Pavlou framed the relationship with employers as collaborative by design. “More broadly, we view industry not only as the customer of our talent, but as a co-developer of talent (our students),” he said. “Instead of seeing employers only as end customers, we collaboratively work with them throughout the educational process. Through internships, real-world projects, and executive engagement, companies help define and help us develop the skills that matter to them.”
That emphasis on outcomes and applied experience is increasingly central to how schools communicate value to students as well. Gropper put it directly: “We focus on providing experiential learning opportunities so that students are well-prepared to transition into the workforce,” he said.
Entrepreneurship, accelerated
AI is also compressing the timeline from idea to execution, changing what schools expect students to produce while still enrolled.
“About a year ago, I gave a talk where I said, ‘AI should be your co-founder,’ because it’s such a powerful ally for entrepreneurs,” Pavlou shared with Invest:. He noted that tools can support everything from research and product development to fundraising narratives: “It can help startup founders conduct market research, refine business models, develop products, design surveys, and even support their fundraising by improving how ideas are presented to VCs and angel investors.”
Importance of human intelligence
Even as AI becomes more prevalent, Florida’s business school leaders repeatedly return to a central theme: technology can accelerate work, but it cannot replace the full range of human leadership.
Pavlou described the automation challenge as also a talent-development imperative. “Automation and AI will significantly reshape the workforce, including roles that once required years of specialized training.
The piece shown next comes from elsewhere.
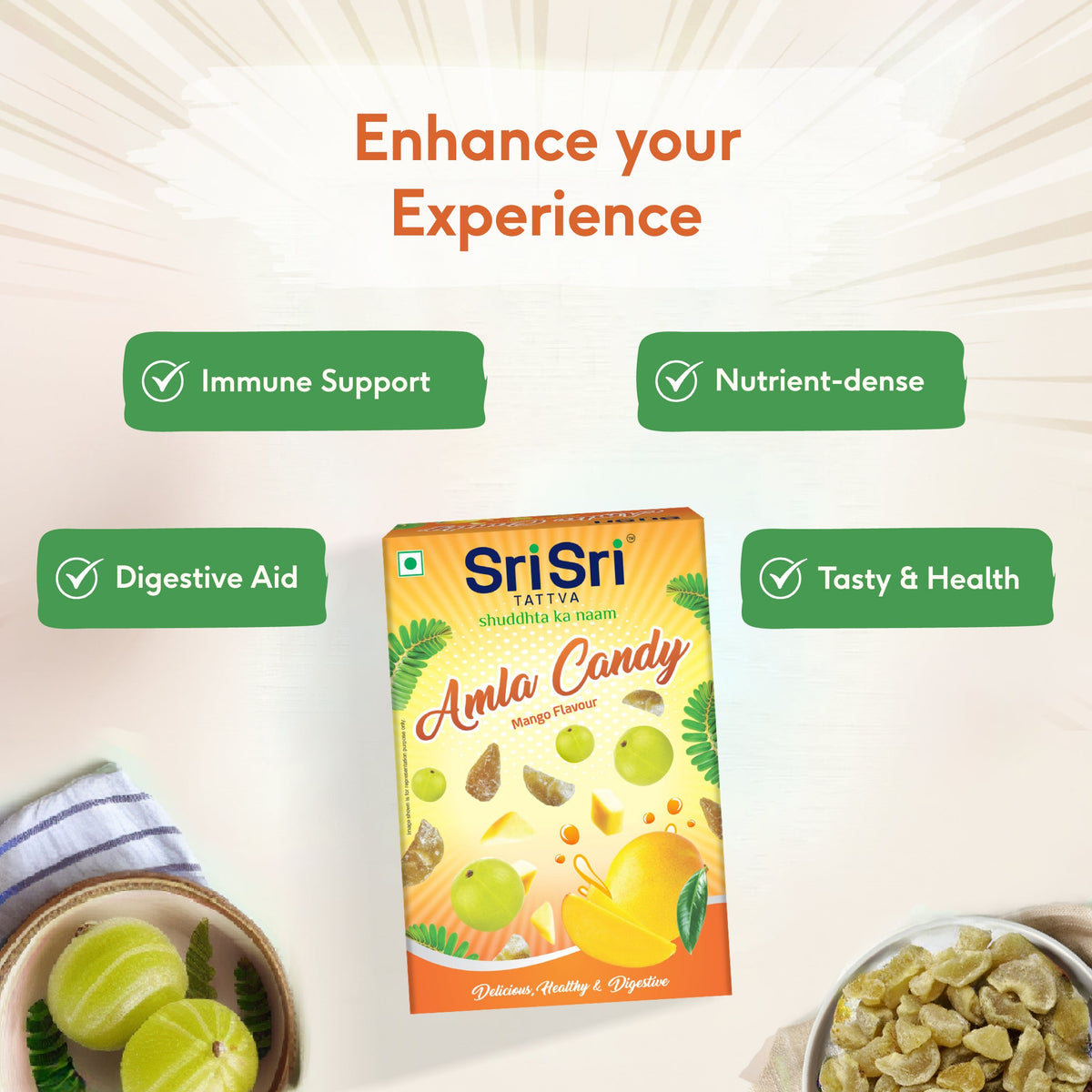 Sri Sri Tattva Amla Candy - Mango Flavoured - Delicious Healthy & Digestive, 400 g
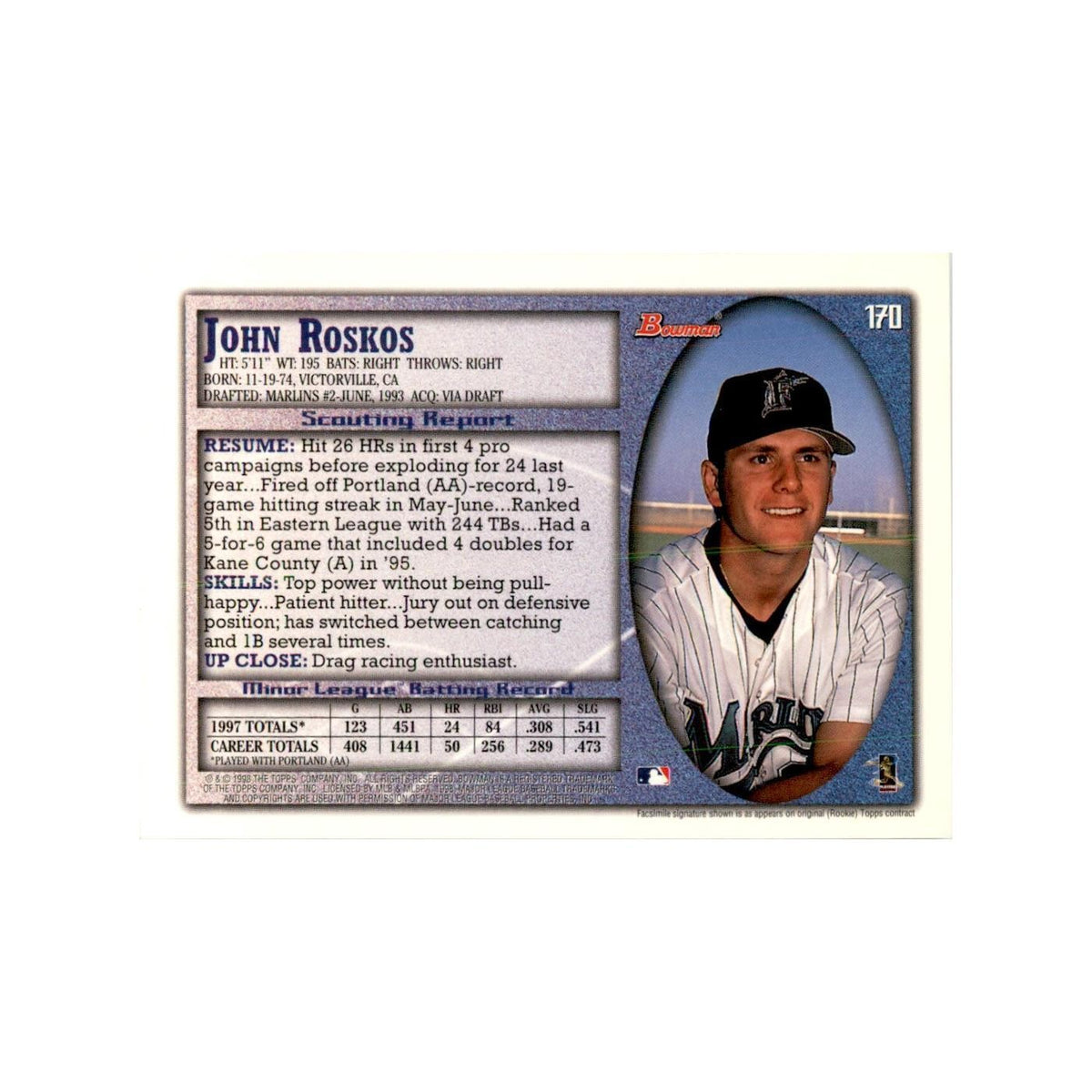 1998 Bowman John Roskos Baseball Cards #170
One challenge this creates is fewer traditional entry-level roles, which makes preparation and upskilling even more important in today’s AI era,” he said.
His response emphasized a balance of applied experience, AI fluency, and human-centered capabilities. “Third, we focus heavily on what we call ‘Human Intelligence at Miami Herbert.’ As AI automates more tasks, inherently human skills like critical thinking, judgment, communication, teamwork, leadership, and empathy become even more valuable,” he said.